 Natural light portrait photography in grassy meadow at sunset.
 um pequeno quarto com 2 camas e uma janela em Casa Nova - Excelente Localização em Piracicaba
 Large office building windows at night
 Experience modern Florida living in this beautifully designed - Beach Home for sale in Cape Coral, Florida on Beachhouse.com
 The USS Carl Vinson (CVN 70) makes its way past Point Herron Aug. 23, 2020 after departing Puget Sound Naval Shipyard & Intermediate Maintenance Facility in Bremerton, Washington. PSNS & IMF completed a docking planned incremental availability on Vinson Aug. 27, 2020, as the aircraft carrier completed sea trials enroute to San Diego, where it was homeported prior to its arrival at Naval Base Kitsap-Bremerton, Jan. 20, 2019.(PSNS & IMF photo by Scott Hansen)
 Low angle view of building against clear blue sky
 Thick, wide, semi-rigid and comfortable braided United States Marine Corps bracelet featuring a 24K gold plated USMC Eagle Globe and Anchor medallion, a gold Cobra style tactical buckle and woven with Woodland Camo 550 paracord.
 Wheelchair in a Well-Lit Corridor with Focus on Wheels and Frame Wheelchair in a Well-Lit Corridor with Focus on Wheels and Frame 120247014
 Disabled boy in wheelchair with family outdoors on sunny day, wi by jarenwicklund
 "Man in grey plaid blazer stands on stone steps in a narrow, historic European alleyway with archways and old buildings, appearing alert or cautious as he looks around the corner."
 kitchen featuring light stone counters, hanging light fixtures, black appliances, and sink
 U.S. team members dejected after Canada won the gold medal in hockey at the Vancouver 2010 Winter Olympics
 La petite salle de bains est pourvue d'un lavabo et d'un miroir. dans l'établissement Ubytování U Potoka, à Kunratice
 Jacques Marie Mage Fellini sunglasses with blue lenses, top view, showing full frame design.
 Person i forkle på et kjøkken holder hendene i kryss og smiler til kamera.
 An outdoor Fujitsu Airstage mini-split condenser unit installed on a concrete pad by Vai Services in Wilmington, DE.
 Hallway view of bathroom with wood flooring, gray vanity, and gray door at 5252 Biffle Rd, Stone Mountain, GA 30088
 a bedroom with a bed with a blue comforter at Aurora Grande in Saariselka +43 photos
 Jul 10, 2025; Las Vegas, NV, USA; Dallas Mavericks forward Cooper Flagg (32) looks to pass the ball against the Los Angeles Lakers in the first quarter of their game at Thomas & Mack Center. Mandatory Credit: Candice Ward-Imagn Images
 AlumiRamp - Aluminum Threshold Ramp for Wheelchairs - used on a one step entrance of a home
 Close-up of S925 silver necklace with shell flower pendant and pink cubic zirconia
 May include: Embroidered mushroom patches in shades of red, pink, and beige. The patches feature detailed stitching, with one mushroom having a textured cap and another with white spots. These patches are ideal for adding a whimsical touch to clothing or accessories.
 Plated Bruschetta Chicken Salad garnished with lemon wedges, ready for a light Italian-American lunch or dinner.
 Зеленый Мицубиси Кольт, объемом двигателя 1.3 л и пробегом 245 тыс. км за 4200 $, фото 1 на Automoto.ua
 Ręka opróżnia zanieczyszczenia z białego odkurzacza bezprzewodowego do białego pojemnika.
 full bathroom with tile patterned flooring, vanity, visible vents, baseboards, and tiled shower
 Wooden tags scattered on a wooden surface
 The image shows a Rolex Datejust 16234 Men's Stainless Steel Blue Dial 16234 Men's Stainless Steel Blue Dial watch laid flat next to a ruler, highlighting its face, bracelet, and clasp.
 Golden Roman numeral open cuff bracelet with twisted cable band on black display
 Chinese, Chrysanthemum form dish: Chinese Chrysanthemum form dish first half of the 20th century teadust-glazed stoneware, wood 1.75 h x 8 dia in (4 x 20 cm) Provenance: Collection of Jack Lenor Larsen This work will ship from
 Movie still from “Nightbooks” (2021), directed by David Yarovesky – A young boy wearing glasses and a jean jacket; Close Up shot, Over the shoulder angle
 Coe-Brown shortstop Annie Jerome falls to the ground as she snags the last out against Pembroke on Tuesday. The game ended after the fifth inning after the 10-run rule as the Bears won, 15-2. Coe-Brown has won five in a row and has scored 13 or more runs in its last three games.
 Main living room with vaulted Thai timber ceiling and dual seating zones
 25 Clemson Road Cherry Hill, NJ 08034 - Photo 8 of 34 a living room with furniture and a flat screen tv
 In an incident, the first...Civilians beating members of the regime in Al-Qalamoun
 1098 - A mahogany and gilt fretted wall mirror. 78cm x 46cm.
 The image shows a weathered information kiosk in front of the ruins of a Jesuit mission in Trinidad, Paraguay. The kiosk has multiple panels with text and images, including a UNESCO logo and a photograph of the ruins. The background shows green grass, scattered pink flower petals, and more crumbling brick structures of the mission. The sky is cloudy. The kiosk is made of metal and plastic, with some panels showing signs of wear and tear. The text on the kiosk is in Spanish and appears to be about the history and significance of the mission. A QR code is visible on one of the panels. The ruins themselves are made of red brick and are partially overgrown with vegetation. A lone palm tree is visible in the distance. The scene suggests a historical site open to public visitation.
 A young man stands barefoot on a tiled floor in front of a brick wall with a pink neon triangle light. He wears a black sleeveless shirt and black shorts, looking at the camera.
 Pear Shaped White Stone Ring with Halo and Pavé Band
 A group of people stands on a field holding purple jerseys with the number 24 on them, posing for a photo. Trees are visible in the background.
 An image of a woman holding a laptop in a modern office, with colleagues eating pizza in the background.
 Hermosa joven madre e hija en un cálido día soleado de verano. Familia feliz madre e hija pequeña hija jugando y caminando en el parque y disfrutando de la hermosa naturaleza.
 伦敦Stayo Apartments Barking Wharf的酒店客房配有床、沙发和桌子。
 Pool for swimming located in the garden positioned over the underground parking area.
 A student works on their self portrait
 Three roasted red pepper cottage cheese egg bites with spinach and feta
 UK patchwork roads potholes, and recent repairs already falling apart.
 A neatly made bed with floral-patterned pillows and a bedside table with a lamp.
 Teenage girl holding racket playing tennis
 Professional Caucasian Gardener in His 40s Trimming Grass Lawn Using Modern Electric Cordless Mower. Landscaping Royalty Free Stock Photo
§
Problem requirements: Output the material in full, exactly as it appears.

Solution to the exercise:
 Natural light portrait photography in grassy meadow at sunset.
 um pequeno quarto com 2 camas e uma janela em Casa Nova - Excelente Localização em Piracicaba
 Large office building windows at night
 Experience modern Florida living in this beautifully designed - Beach Home for sale in Cape Coral, Florida on Beachhouse.com
 The USS Carl Vinson (CVN 70) makes its way past Point Herron Aug. 23, 2020 after departing Puget Sound Naval Shipyard & Intermediate Maintenance Facility in Bremerton, Washington. PSNS & IMF completed a docking planned incremental availability on Vinson Aug. 27, 2020, as the aircraft carrier completed sea trials enroute to San Diego, where it was homeported prior to its arrival at Naval Base Kitsap-Bremerton, Jan. 20, 2019.(PSNS & IMF photo by Scott Hansen)
 Low angle view of building against clear blue sky
 Thick, wide, semi-rigid and comfortable braided United States Marine Corps bracelet featuring a 24K gold plated USMC Eagle Globe and Anchor medallion, a gold Cobra style tactical buckle and woven with Woodland Camo 550 paracord.
 Wheelchair in a Well-Lit Corridor with Focus on Wheels and Frame Wheelchair in a Well-Lit Corridor with Focus on Wheels and Frame 120247014
 Disabled boy in wheelchair with family outdoors on sunny day, wi by jarenwicklund
 "Man in grey plaid blazer stands on stone steps in a narrow, historic European alleyway with archways and old buildings, appearing alert or cautious as he looks around the corner."
 kitchen featuring light stone counters, hanging light fixtures, black appliances, and sink
 U.S. team members dejected after Canada won the gold medal in hockey at the Vancouver 2010 Winter Olympics
 La petite salle de bains est pourvue d'un lavabo et d'un miroir. dans l'établissement Ubytování U Potoka, à Kunratice
 Jacques Marie Mage Fellini sunglasses with blue lenses, top view, showing full frame design.
 Person i forkle på et kjøkken holder hendene i kryss og smiler til kamera.
 An outdoor Fujitsu Airstage mini-split condenser unit installed on a concrete pad by Vai Services in Wilmington, DE.
 Hallway view of bathroom with wood flooring, gray vanity, and gray door at 5252 Biffle Rd, Stone Mountain, GA 30088
 a bedroom with a bed with a blue comforter at Aurora Grande in Saariselka +43 photos
 Jul 10, 2025; Las Vegas, NV, USA; Dallas Mavericks forward Cooper Flagg (32) looks to pass the ball against the Los Angeles Lakers in the first quarter of their game at Thomas & Mack Center. Mandatory Credit: Candice Ward-Imagn Images
 AlumiRamp - Aluminum Threshold Ramp for Wheelchairs - used on a one step entrance of a home
 Close-up of S925 silver necklace with shell flower pendant and pink cubic zirconia
 May include: Embroidered mushroom patches in shades of red, pink, and beige. The patches feature detailed stitching, with one mushroom having a textured cap and another with white spots. These patches are ideal for adding a whimsical touch to clothing or accessories.
 Plated Bruschetta Chicken Salad garnished with lemon wedges, ready for a light Italian-American lunch or dinner.
 Зеленый Мицубиси Кольт, объемом двигателя 1.3 л и пробегом 245 тыс. км за 4200 $, фото 1 на Automoto.ua
 Ręka opróżnia zanieczyszczenia z białego odkurzacza bezprzewodowego do białego pojemnika.
 full bathroom with tile patterned flooring, vanity, visible vents, baseboards, and tiled shower
 Wooden tags scattered on a wooden surface
 The image shows a Rolex Datejust 16234 Men's Stainless Steel Blue Dial 16234 Men's Stainless Steel Blue Dial watch laid flat next to a ruler, highlighting its face, bracelet, and clasp.
 Golden Roman numeral open cuff bracelet with twisted cable band on black display
 Chinese, Chrysanthemum form dish: Chinese Chrysanthemum form dish first half of the 20th century teadust-glazed stoneware, wood 1.75 h x 8 dia in (4 x 20 cm) Provenance: Collection of Jack Lenor Larsen This work will ship from
 Movie still from “Nightbooks” (2021), directed by David Yarovesky – A young boy wearing glasses and a jean jacket; Close Up shot, Over the shoulder angle
 Coe-Brown shortstop Annie Jerome falls to the ground as she snags the last out against Pembroke on Tuesday. The game ended after the fifth inning after the 10-run rule as the Bears won, 15-2. Coe-Brown has won five in a row and has scored 13 or more runs in its last three games.
 Main living room with vaulted Thai timber ceiling and dual seating zones
 25 Clemson Road Cherry Hill, NJ 08034 - Photo 8 of 34 a living room with furniture and a flat screen tv
 In an incident, the first...Civilians beating members of the regime in Al-Qalamoun
 1098 - A mahogany and gilt fretted wall mirror. 78cm x 46cm.
 The image shows a weathered information kiosk in front of the ruins of a Jesuit mission in Trinidad, Paraguay. The kiosk has multiple panels with text and images, including a UNESCO logo and a photograph of the ruins. The background shows green grass, scattered pink flower petals, and more crumbling brick structures of the mission. The sky is cloudy. The kiosk is made of metal and plastic, with some panels showing signs of wear and tear. The text on the kiosk is in Spanish and appears to be about the history and significance of the mission. A QR code is visible on one of the panels. The ruins themselves are made of red brick and are partially overgrown with vegetation. A lone palm tree is visible in the distance. The scene suggests a historical site open to public visitation.
 A young man stands barefoot on a tiled floor in front of a brick wall with a pink neon triangle light. He wears a black sleeveless shirt and black shorts, looking at the camera.
 Pear Shaped White Stone Ring with Halo and Pavé Band
 A group of people stands on a field holding purple jerseys with the number 24 on them, posing for a photo. Trees are visible in the background.
 An image of a woman holding a laptop in a modern office, with colleagues eating pizza in the background.
 Hermosa joven madre e hija en un cálido día soleado de verano. Familia feliz madre e hija pequeña hija jugando y caminando en el parque y disfrutando de la hermosa naturaleza.
 伦敦Stayo Apartments Barking Wharf的酒店客房配有床、沙发和桌子。
 Pool for swimming located in the garden positioned over the underground parking area.
 A student works on their self portrait
 Three roasted red pepper cottage cheese egg bites with spinach and feta
 UK patchwork roads potholes, and recent repairs already falling apart.
 A neatly made bed with floral-patterned pillows and a bedside table with a lamp.
 Teenage girl holding racket playing tennis
 Professional Caucasian Gardener in His 40s Trimming Grass Lawn Using Modern Electric Cordless Mower. Landscaping Royalty Free Stock Photo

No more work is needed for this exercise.